What needs to be done: Begin at the line that holds "Fototapeta premium Diverse" and retype every line through the end of the material, both included. Leave out the pictures.

─── Data for review ───

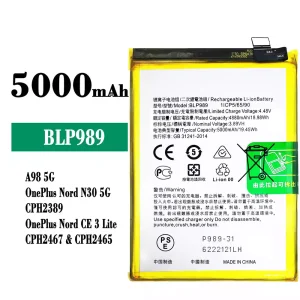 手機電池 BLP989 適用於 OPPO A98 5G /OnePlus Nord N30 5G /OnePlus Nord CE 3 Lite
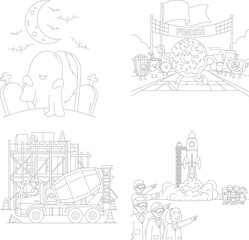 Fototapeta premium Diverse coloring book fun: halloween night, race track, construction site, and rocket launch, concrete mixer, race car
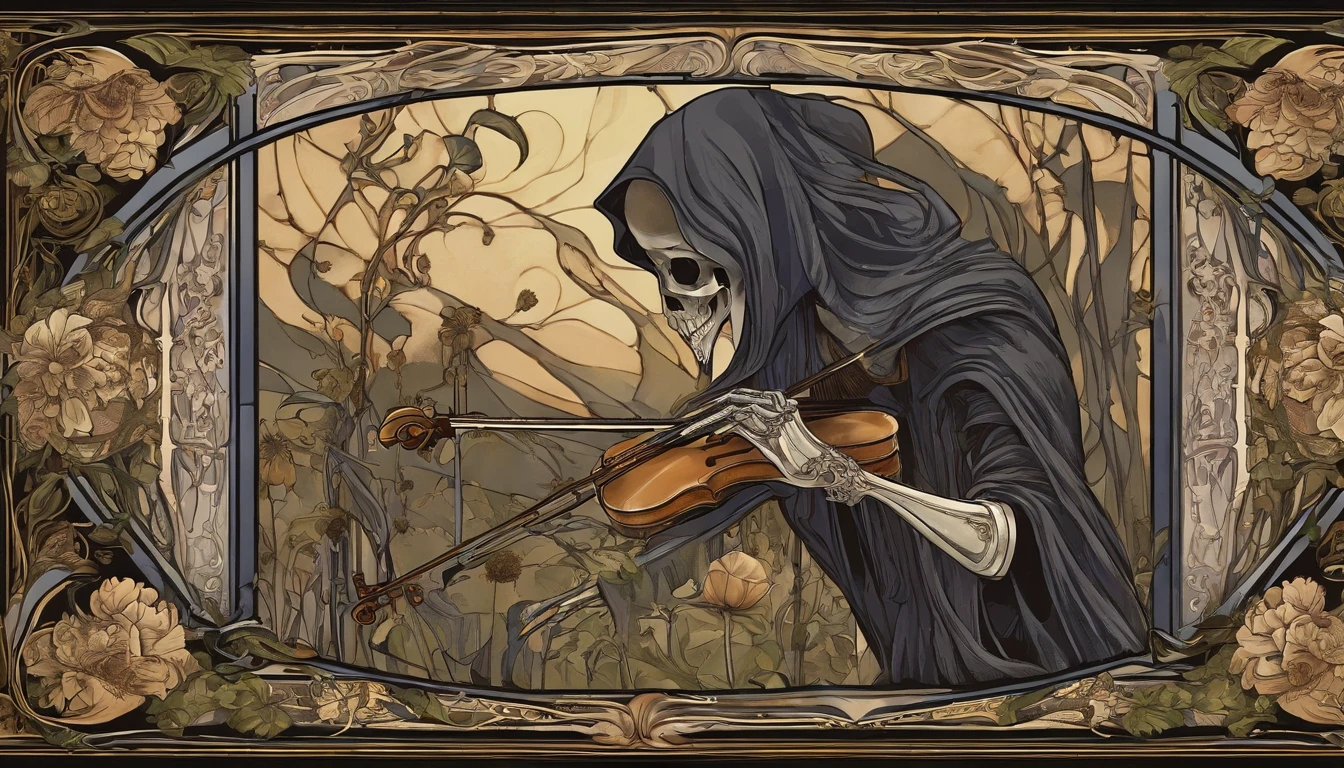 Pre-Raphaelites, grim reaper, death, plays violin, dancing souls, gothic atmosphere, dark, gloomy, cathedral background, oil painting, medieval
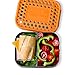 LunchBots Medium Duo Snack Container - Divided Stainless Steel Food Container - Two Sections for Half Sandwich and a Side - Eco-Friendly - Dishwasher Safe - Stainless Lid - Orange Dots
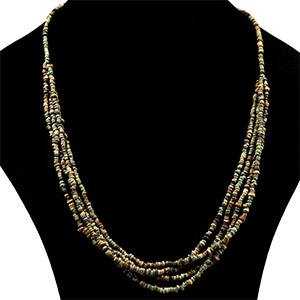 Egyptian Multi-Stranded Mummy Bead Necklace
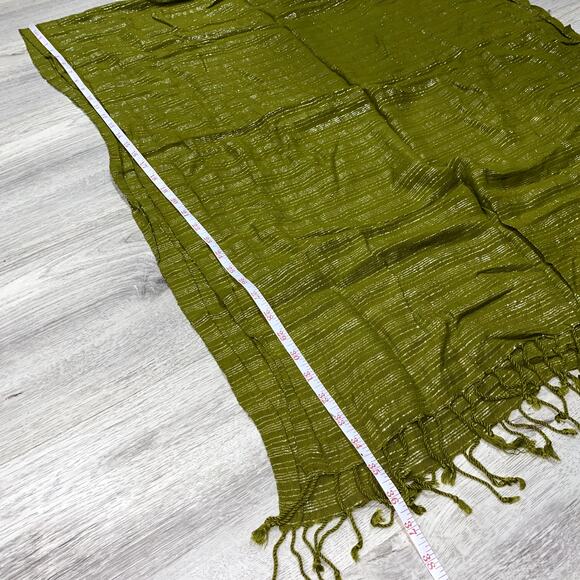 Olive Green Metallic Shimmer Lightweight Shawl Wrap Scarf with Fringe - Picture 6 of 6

───

Task solution:
 Fototapeta premium Diverse coloring book fun: halloween night, race track, construction site, and rocket launch, concrete mixer, race car
 Pre-Raphaelites, grim reaper, death, plays violin, dancing souls, gothic atmosphere, dark, gloomy, cathedral background, oil painting, medieval
 LunchBots Medium Duo Snack Container - Divided Stainless Steel Food Container - Two Sections for Half Sandwich and a Side - Eco-Friendly - Dishwasher Safe - Stainless Lid - Orange Dots
 Egyptian Multi-Stranded Mummy Bead Necklace
 Olive Green Metallic Shimmer Lightweight Shawl Wrap Scarf with Fringe - Picture 6 of 6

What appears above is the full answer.